Task prompt ▸
Records follow. Copy every line with "Stock".

(Given entries)

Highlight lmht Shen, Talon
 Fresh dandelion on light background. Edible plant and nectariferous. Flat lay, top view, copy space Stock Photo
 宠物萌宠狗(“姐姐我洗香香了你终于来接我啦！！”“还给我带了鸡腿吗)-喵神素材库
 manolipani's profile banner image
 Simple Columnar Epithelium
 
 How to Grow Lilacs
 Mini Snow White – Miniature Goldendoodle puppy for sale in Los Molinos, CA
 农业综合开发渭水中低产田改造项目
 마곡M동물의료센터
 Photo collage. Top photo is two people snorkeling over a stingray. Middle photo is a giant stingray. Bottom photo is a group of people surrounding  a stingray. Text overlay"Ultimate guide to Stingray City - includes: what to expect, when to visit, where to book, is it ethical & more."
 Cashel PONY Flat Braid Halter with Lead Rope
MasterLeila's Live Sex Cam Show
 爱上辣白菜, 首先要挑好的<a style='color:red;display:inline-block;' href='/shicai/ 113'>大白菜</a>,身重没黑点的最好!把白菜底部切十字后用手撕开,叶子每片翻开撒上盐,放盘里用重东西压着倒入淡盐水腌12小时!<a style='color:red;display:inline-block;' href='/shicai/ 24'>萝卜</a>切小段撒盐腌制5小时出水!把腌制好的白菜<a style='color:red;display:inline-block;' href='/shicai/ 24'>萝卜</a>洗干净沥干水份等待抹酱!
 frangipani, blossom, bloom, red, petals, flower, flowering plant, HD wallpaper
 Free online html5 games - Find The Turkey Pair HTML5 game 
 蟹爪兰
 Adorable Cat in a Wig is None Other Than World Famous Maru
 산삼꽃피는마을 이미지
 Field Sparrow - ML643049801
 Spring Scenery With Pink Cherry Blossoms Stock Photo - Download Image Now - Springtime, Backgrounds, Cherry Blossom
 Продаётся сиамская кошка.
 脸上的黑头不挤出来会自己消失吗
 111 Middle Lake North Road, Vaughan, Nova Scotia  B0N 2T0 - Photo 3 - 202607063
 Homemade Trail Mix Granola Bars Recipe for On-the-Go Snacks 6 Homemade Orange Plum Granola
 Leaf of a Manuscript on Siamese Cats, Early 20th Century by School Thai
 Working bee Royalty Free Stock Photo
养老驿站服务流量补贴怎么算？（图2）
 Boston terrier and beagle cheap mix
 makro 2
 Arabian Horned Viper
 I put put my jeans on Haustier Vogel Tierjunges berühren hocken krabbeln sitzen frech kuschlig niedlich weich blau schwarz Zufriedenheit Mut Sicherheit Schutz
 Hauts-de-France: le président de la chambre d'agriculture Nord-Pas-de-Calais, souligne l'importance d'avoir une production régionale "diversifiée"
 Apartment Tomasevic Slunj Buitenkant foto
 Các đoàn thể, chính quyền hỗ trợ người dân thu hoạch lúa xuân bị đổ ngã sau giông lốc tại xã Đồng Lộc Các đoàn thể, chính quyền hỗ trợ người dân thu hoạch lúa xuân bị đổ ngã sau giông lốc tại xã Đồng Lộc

(End Given entries)

Solution to the problem ▸
 Fresh dandelion on light background. Edible plant and nectariferous. Flat lay, top view, copy space Stock Photo
 Spring Scenery With Pink Cherry Blossoms Stock Photo - Download Image Now - Springtime, Backgrounds, Cherry Blossom
 Working bee Royalty Free Stock Photo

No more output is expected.